[What needs to be done] Although the entries contain pictures, your copy should hold only their exact text.

(The input)

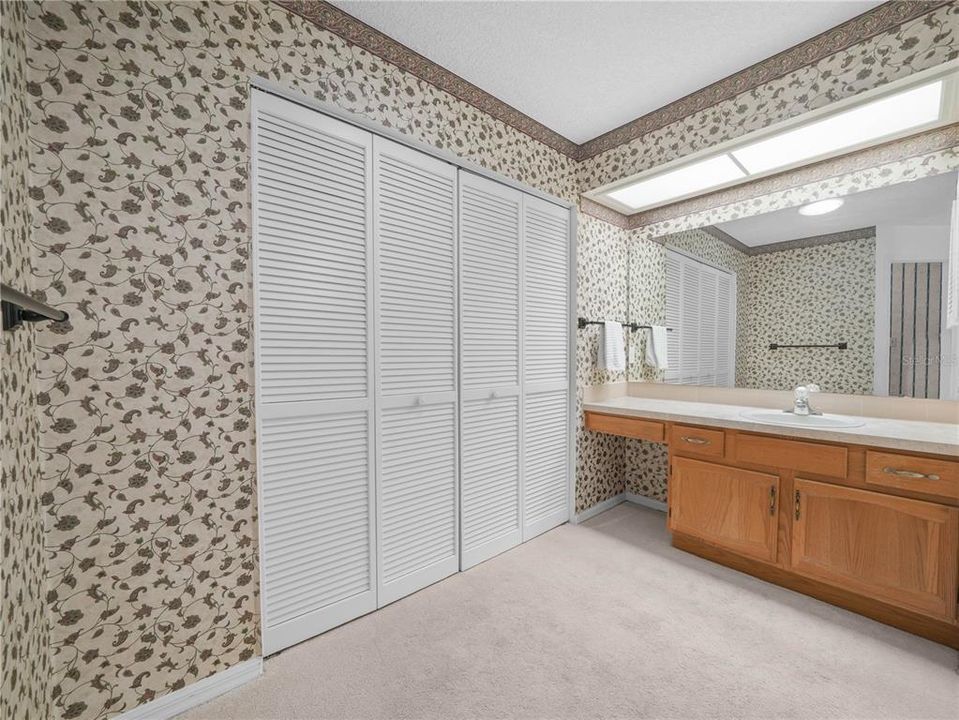 For Sale: $299,900 (3 beds, 2 baths, 1899 Square Feet)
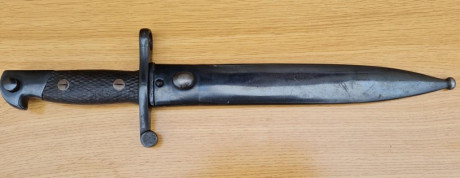 Bayoneta modelo 1941:
cuchillo-bayoneta que, en principio, fue diseñado para su empleo en los Máuseres 01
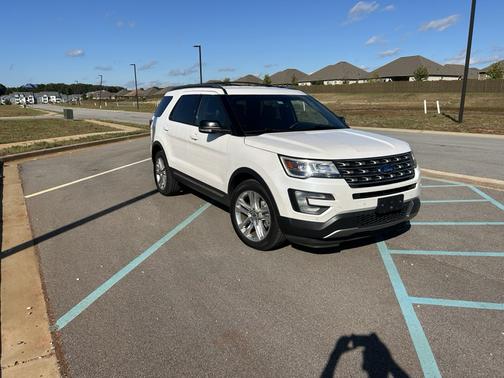 White 2017 Ford Explorer XLT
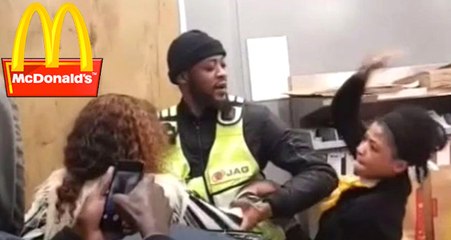 Ünlü Hamburger Zincirinde Geciken Sipariş Yüzünden Birbirlerine Girdiler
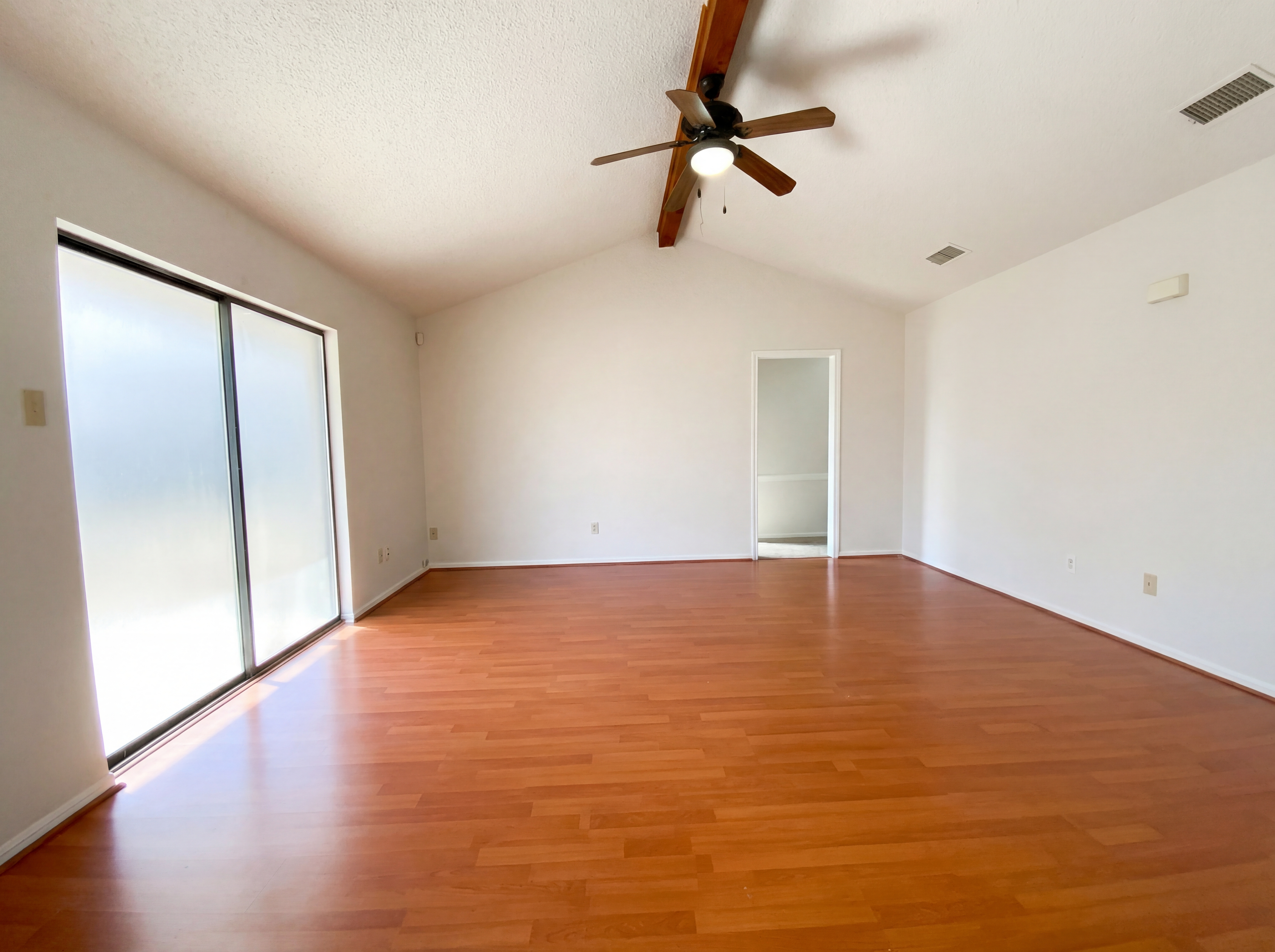 Photo 3 of 16 of 222 Bridle Dr, Copperas Cove, TX
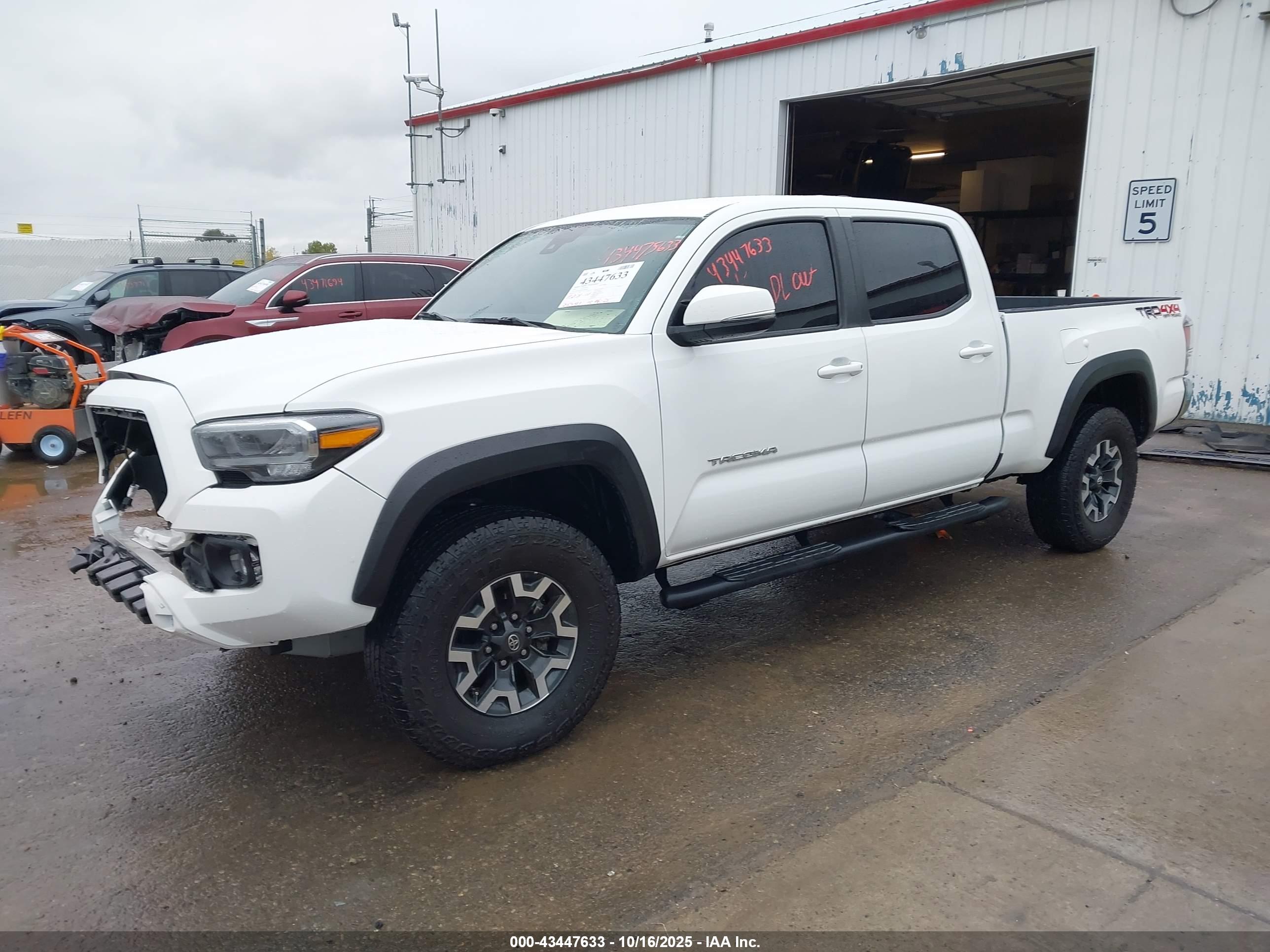 TOYOTA TACOMA image 2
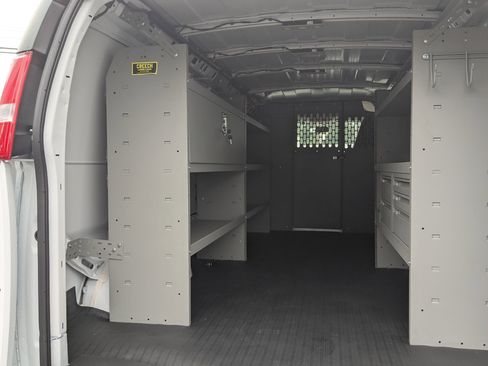 New 2025 GMC Savana 2500 Extended w/ Driver Convenience Package image 18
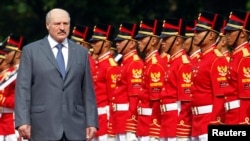 Аляксандар Лукашэнка па прыбыцьці ў Інданэзію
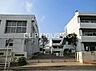 周辺：横浜市立東永谷中学校 徒歩3分。 240m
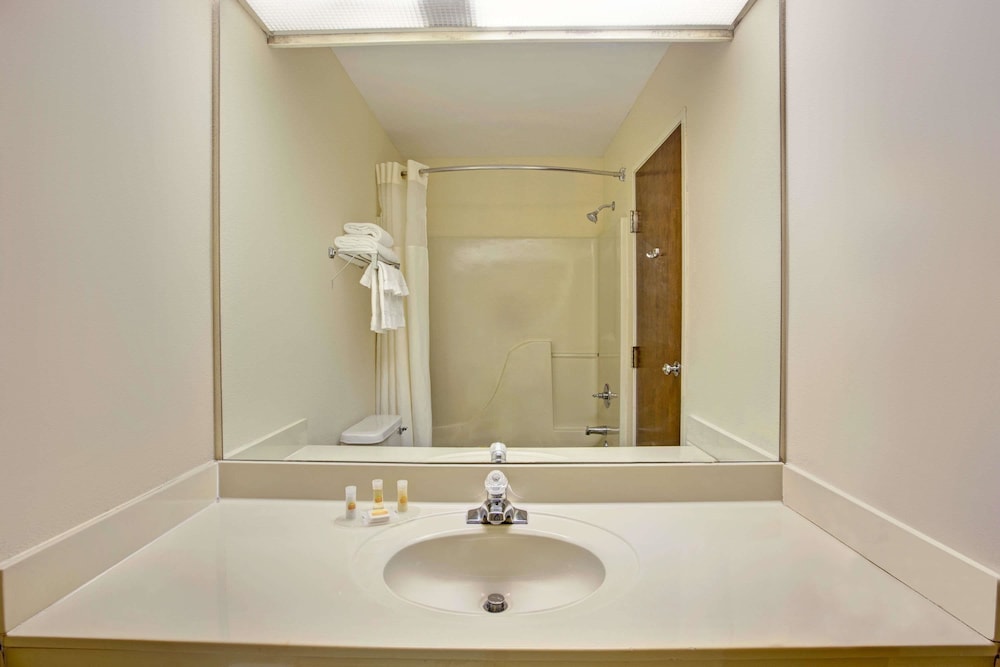 Days Inn & Suites by Wyndham Hickory 13/25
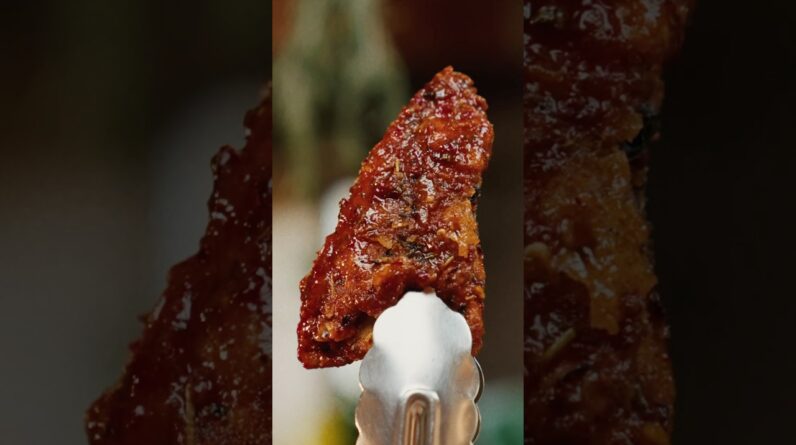 Would you eat this CHICKEN from a TREE?! The most unbelievable mushroom #shorts 🤯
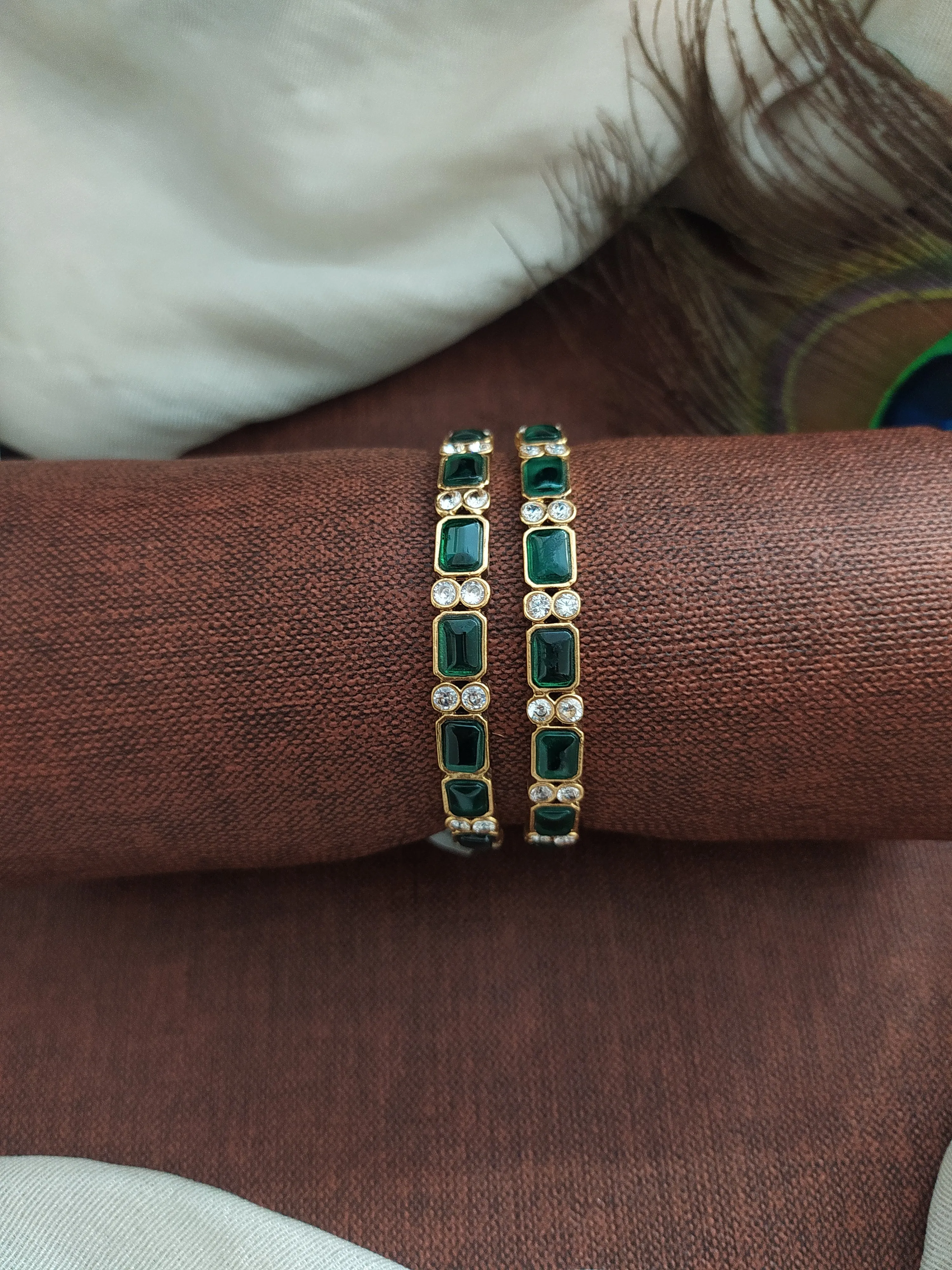 Unveiling Elegance: Antique Kemp Bangle in trending colors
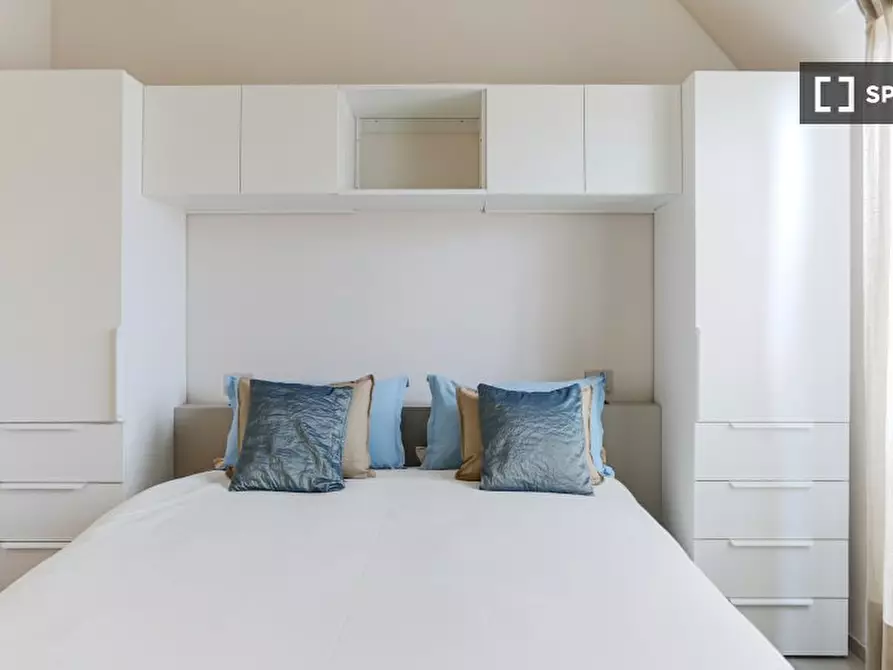 Immagine 16 di Appartamento in affitto  in Via Doberdò a Milano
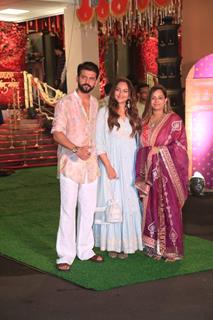 Sonakshi Sinha and Zaheer Iqbal snapped at CM’s residence for Ganpati Darshan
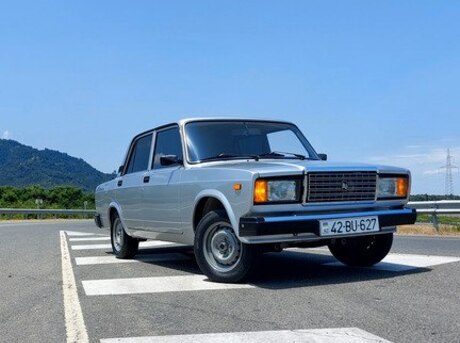 LADA (VAZ) 2107 2011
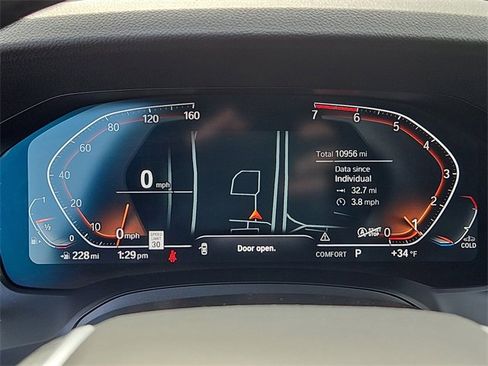 Used 2022 BMW 330i xDrive 330i xDrive w/ Driving Assistance Package image 32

(End The input)

[Reply]
 For Sale: $299,900 (3 beds, 2 baths, 1899 Square Feet)
 Bayoneta modelo 1941:
cuchillo-bayoneta que, en principio, fue diseñado para su empleo en los Máuseres 01
 White 2017 Ford Explorer XLT
 Ünlü Hamburger Zincirinde Geciken Sipariş Yüzünden Birbirlerine Girdiler
 Photo 3 of 16 of 222 Bridle Dr, Copperas Cove, TX
 TOYOTA TACOMA image 2
 New 2025 GMC Savana 2500 Extended w/ Driver Convenience Package image 18
 Аляксандар Лукашэнка па прыбыцьці ў Інданэзію
 周辺：横浜市立東永谷中学校 徒歩3分。 240m
 Days Inn & Suites by Wyndham Hickory 13/25
 Would you eat this CHICKEN from a TREE?! The most unbelievable mushroom #shorts 🤯
 Unveiling Elegance: Antique Kemp Bangle in trending colors
 Immagine 16 di Appartamento in affitto  in Via Doberdò a Milano
 Sonakshi Sinha and Zaheer Iqbal snapped at CM’s residence for Ganpati Darshan
 LADA (VAZ) 2107 2011
 Used 2022 BMW 330i xDrive 330i xDrive w/ Driving Assistance Package image 32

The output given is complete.